Storage ‘in bond’ like this is often used for products subject to excise duty, such as wine and cigarettes, although it is not limited to these goods.
You will also find it beneficial to find out about tax relief if you are planning to re-export goods you import. There are special Inward Processing Relief (IPR) rules so that you do not have to pay import duty and VAT. This relief can apply to imports that you process before re-exporting them.
Valuation of imported goods for VAT and Duties
There are six methods of valuing imported goods, however, in the vast majority of cases (over 90%) the “Transaction Method” is used and, in fact, you must use this method wherever possible.
This is the price paid or payable by the buyer to the seller for the goods when sold for export to the EC adjusted in accordance with certain specific rules.
This may also cover situations where goods are imported from a processor. The “transaction value” may be “built up” or “constructed” by reference to the cost of processing plus any items to be added commonly referred to as “assists”.
What items must be added to the price paid or payable?
You must add the following to the price you pay (unless they are already included):
(a) Delivery costs. – The costs of transport, insurance, loading or handling connected with delivering the goods to the EC border must be included.
(b) Commissions. – Certain payments of commission and brokerage, including selling commission, must be included.
But you can exclude buying commission if it is shown separately from the price paid or payable for the goods.
(c) Royalties and licence fees. – You must include these payments when they relate to the imported goods and are paid by you as a condition of the sale to you of those goods.
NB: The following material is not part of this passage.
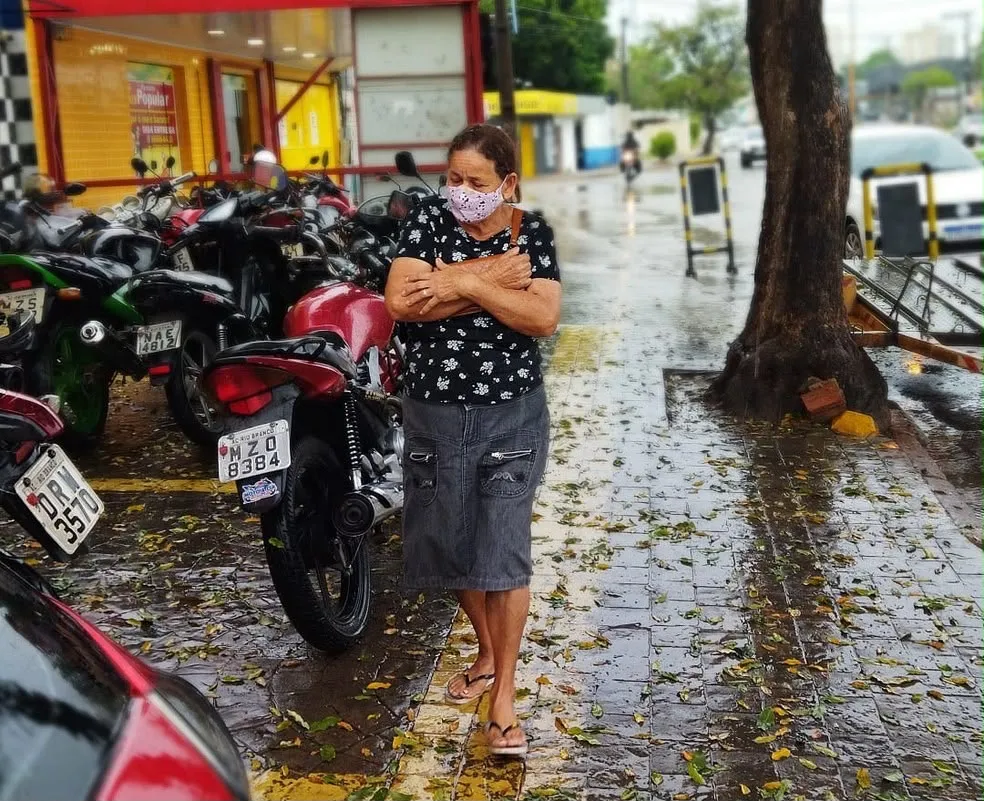 Onda polar derruba temperaturas no Acre; Rio Branco deve ter máxima de 27°C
(d) Goods and services provided free of charge or at reduced cost by the buyer. – If you provide, directly or indirectly, any of the following, you must include in the customs value any part of the cost or value not included in the price charged to you by the seller:
- materials, components, parts and similar items incorporated in the imported goods including price tags, kimball tags, labels
- tools, dies, moulds and similar items used in producing the imported goods, for example, tooling charges. There are various ways of apportioning these charges
iii. materials consumed in producing the imported goods, for example, abrasives, lubricants, catalysts, reagents etc which are used up in the manufacture of the goods but are not incorporated in them,
- engineering, development, artwork, design work and plans and sketches carried out outside the EC and necessary for producing the imported goods. The cost of research and preliminary design sketches is not to be included.
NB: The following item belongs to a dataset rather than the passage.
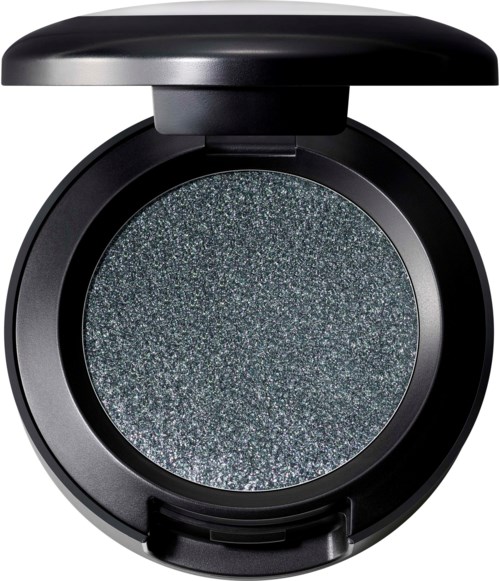 Ronde, zwarte make-up compacts met glinsterende grijze oogschaduw en opklapbare deksel.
(e) Containers and packing. Include:
- the cost of containers which are treated for customs purposes as being one with the goods being valued (that is not freight containers the hire-cost of which forms part of the transport costs), and
- the cost of packing whether for labour or materials
Where containers are for repeated use, for example, reusable bottles, you can spread their cost over the expected number of imports. If a number of the containers may not be re-exported, this must be allowed for.
(f) Proceeds of resale. – If you are to share with the seller (whether directly or indirectly) the profit on resale, use or disposal of the imported goods you must add the seller’s share to the price paid. If at the time of importation the amount of profit is not known, you must request release of the goods against a deposit or guarantee.
(g) Export duty & taxes paid in the country of origin or export. – When these taxes are incurred by the buyer they are dutiable. However, if you benefit from tax relief or repayment of these taxes they may be left out of the customs value.
If you are new to acquisitions or importing it may be worthwhile talking to an expert. This article only scratches the surface of the subject. There can be significant savings made by accurately classifying goods and applying the correct procedures and rates will avoid assessments and penalties being levied. Planning may also be available to defer when tax is paid on imports and acquisitions.